Business confidence fell this month amid uncertainty over overseas markets, according to the latest Business Trends Report by accountants and business advisers BDO LLP in the West Midlands.
BDO’s Optimism Index has dropped to its lowest level – 103.9 – since November 2014. This reflects firms’ concerns that the continued Greek chaos and a potential slowdown in China’s economy, sparked by a plunging stock market, could soon affect their own prospects.
Falling confidence is driven in particular by pressures in the manufacturing sector, with BDO’s Manufacturing Optimism Index plummeting to 98.5 (from 103.4) this month. It is now below the long-term trend rate for the first time in two years, showing that little progress has been made in rebalancing the economy away from the service sector and demonstrating how global uncertainty could hamper the exports market.
Businesses’ output expectations mirror the dampened confidence levels with BDO’s Output Index dipping for the first time this year, down to 104.1. Firms can no longer rely on falling prices as input deflation tails off, with BDO’s Inflation Index moving up to 94.6 this month.
Firms’ worries mean that global concerns may soon hit employment levels.

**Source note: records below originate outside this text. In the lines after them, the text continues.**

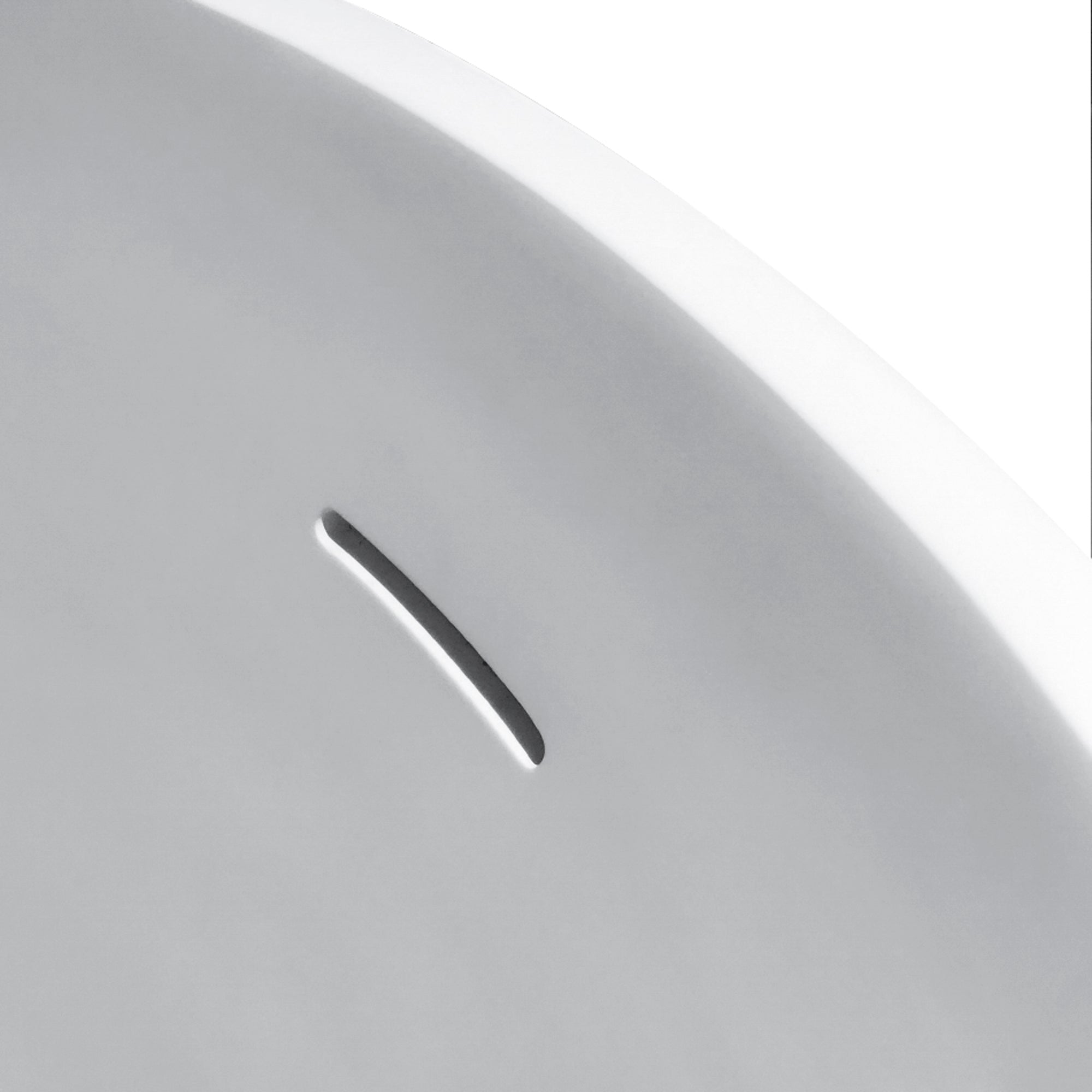 59 in. Solid Surface Freestanding Soaking Bathtub in Matte White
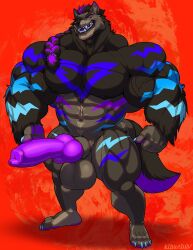 2025 abs abstract_background animal_genitalia animal_penis anthro areola balls barazoku biceps big_balls big_knot big_muscles big_penis big_sheath braided_fur canid canine canine_genitalia canine_penis canis claws deltoids erection eyebrows fur genitals hi_res huge_arms huge_balls huge_cock huge_knot huge_muscles huge_sheath huge_thighs kihu knot looking_at_viewer male mammal markings masculine_male muscles muscular muscular_anthro muscular_male navel nipples nude obliques orange_background pecs penis plantigrade quads shaded shadow sheath simple_background smile solo standing teeth thick_arms thick_penis thick_thighs tuft wolf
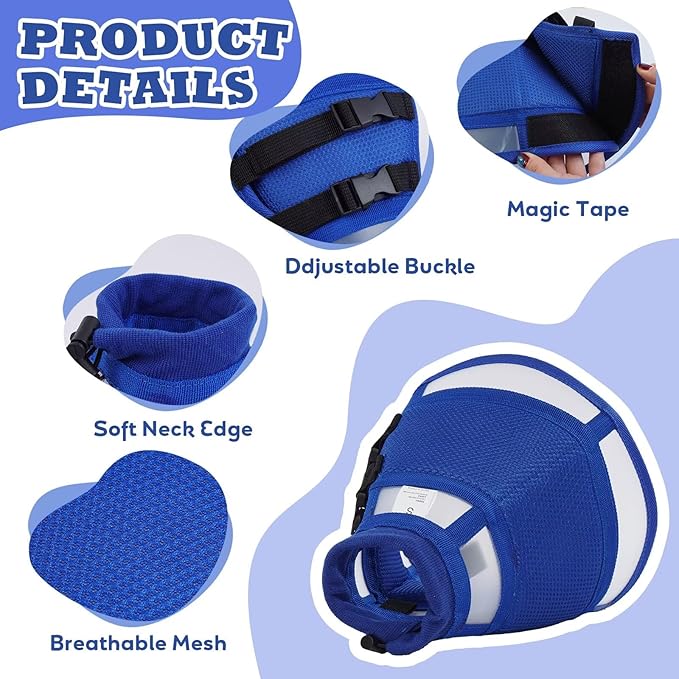 Dog Cone Collar,Cone for Dogs After Surgery,Foldable Cones for Dog Mesh,Pet Elizabethan Collar Alternative to Prevent Licking Wounds,Adjustable ecollars for Dogs After Surgery,Blue M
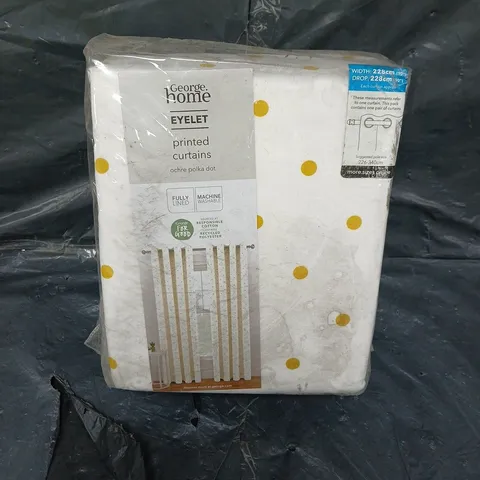GEORGE HOME EYELET PRINTED CURTAINS IN OCHRE POLKA DOT 228CMX228CM
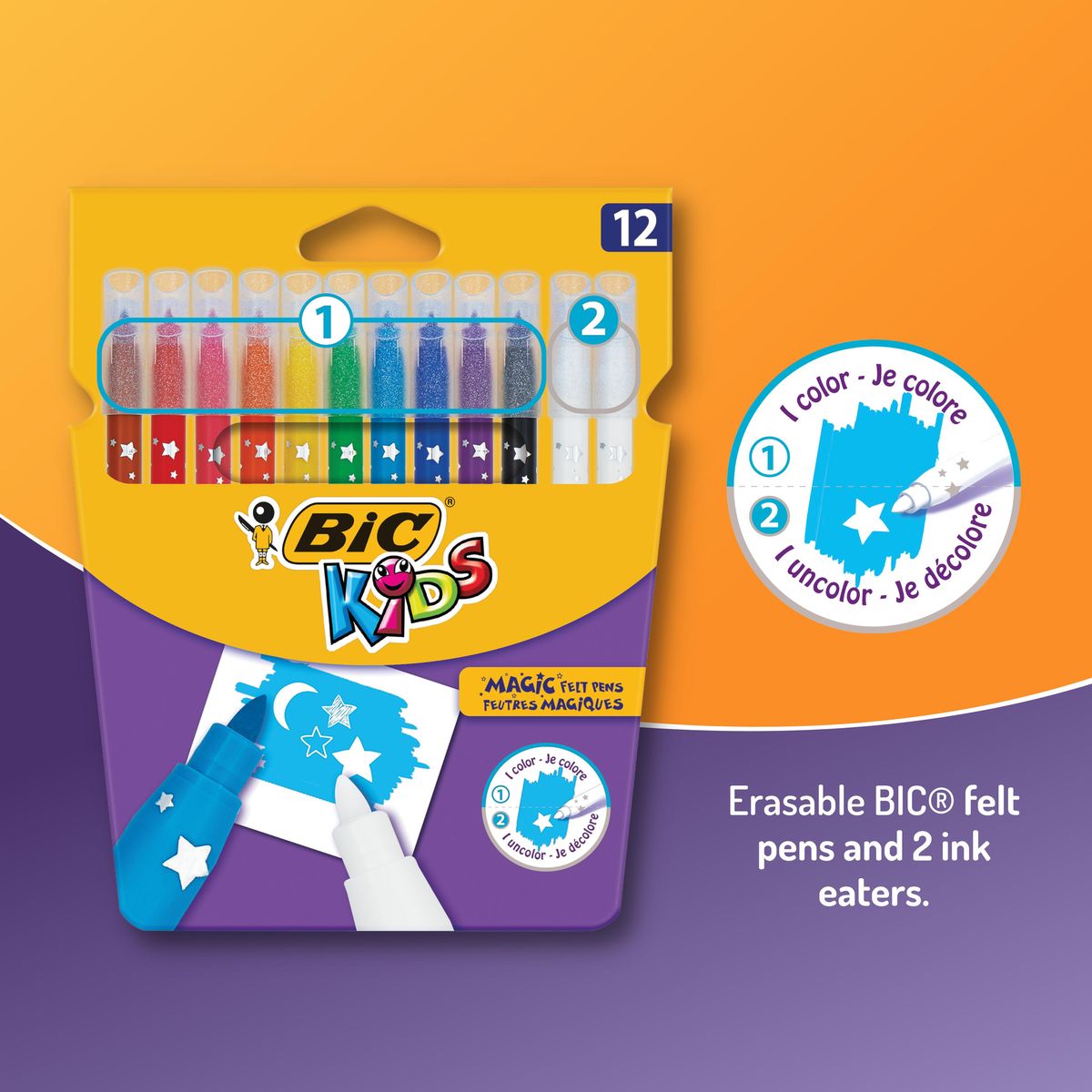 BIC Kids Magic Felt Tip Pens Medium Point Assorted Colours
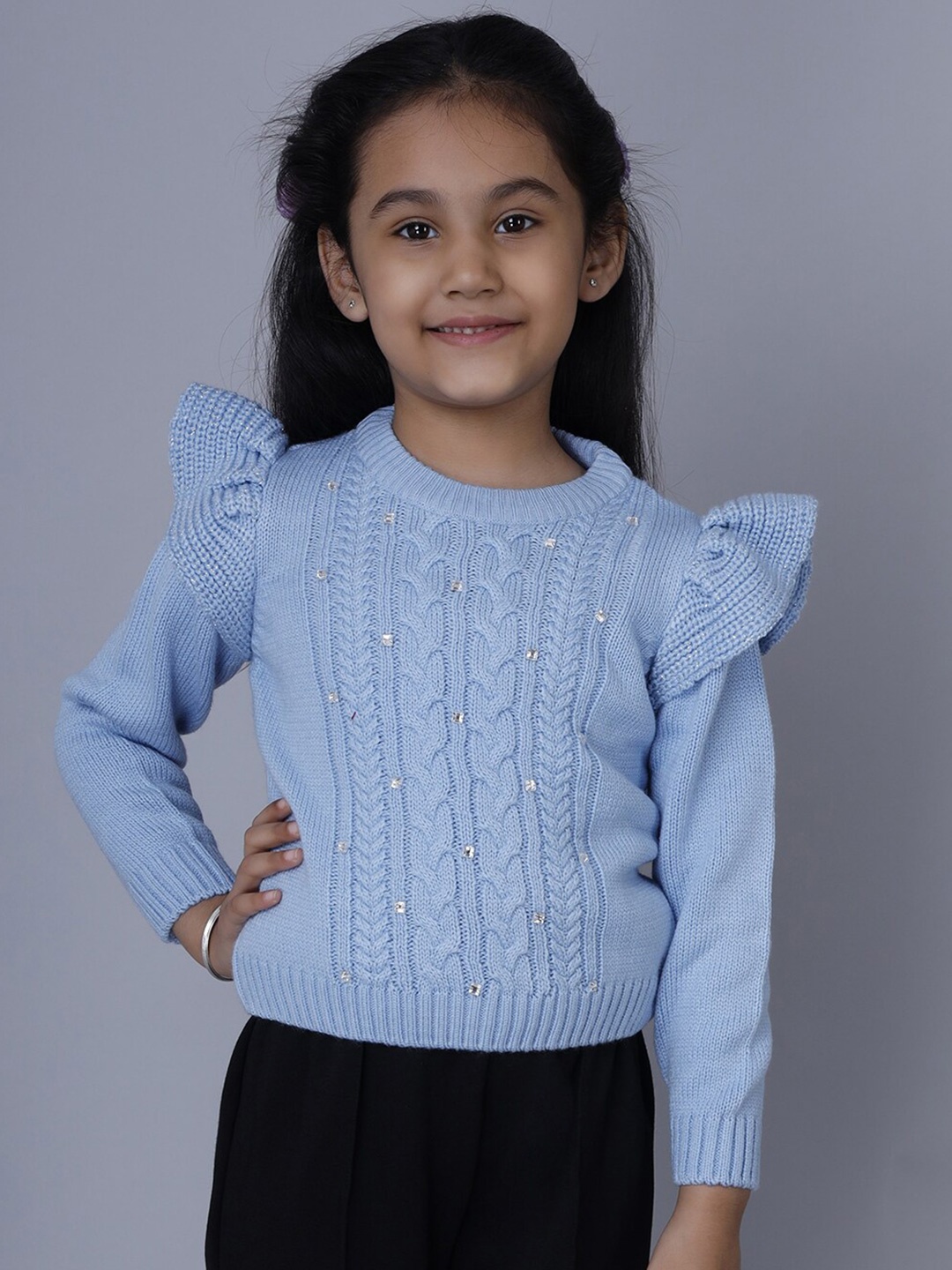 

JoE Hazel Girls Cable Knit Acrylic Pullover, Blue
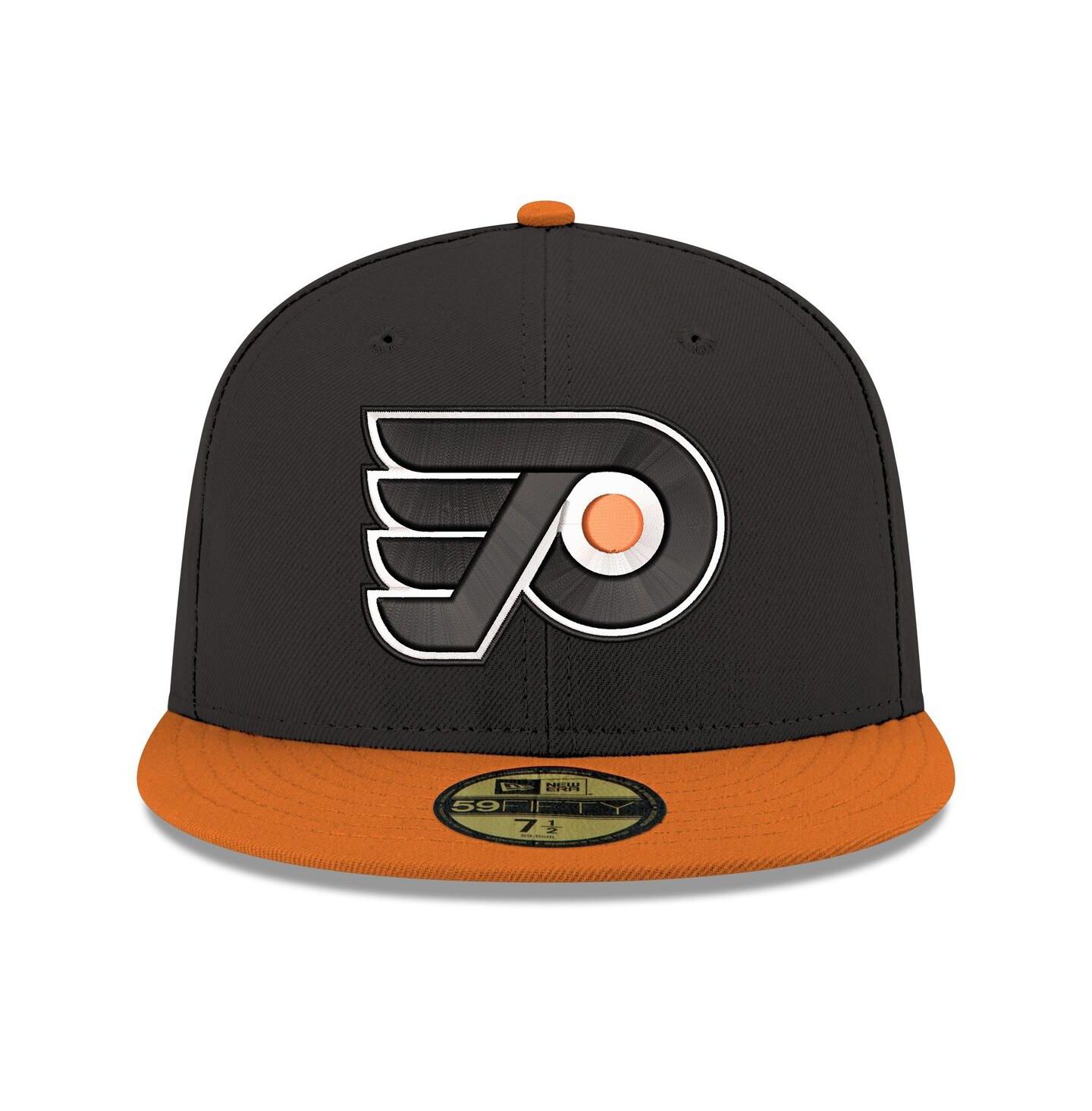 Мужская кепка New Era Black Philadelphia Flyers Core Logo Two-Tone 59FIFTY Fitted Hat — фото 2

While hiring intentions remain relatively strong, BDO’s Employment Index suffered its sharpest percentage decrease since November 2011 this month, suggesting business concerns around the global economy could soon translate into reduced hiring intentions in the region.
Commenting on the findings, Richard Rose, partner and head of BDO LLP in the West Midlands, said: “We thrive by being an outward looking economy, so to see the dynamo that is the Chinese market slowing down is clearly playing on the minds of exporters. Our exports market is a key strength of the economy. We need to do all we can to maximise its potential in growing and re-balancing our economy as a whole.
“The Chancellor missed an opportunity to help exporters, and specifically those manufacturers that drive foreign trade, in last week’s Budget. The government must cut the tax barriers that exporters face as a priority. Introducing a VAT zero rating for suppliers to companies that export would be a good starting point.”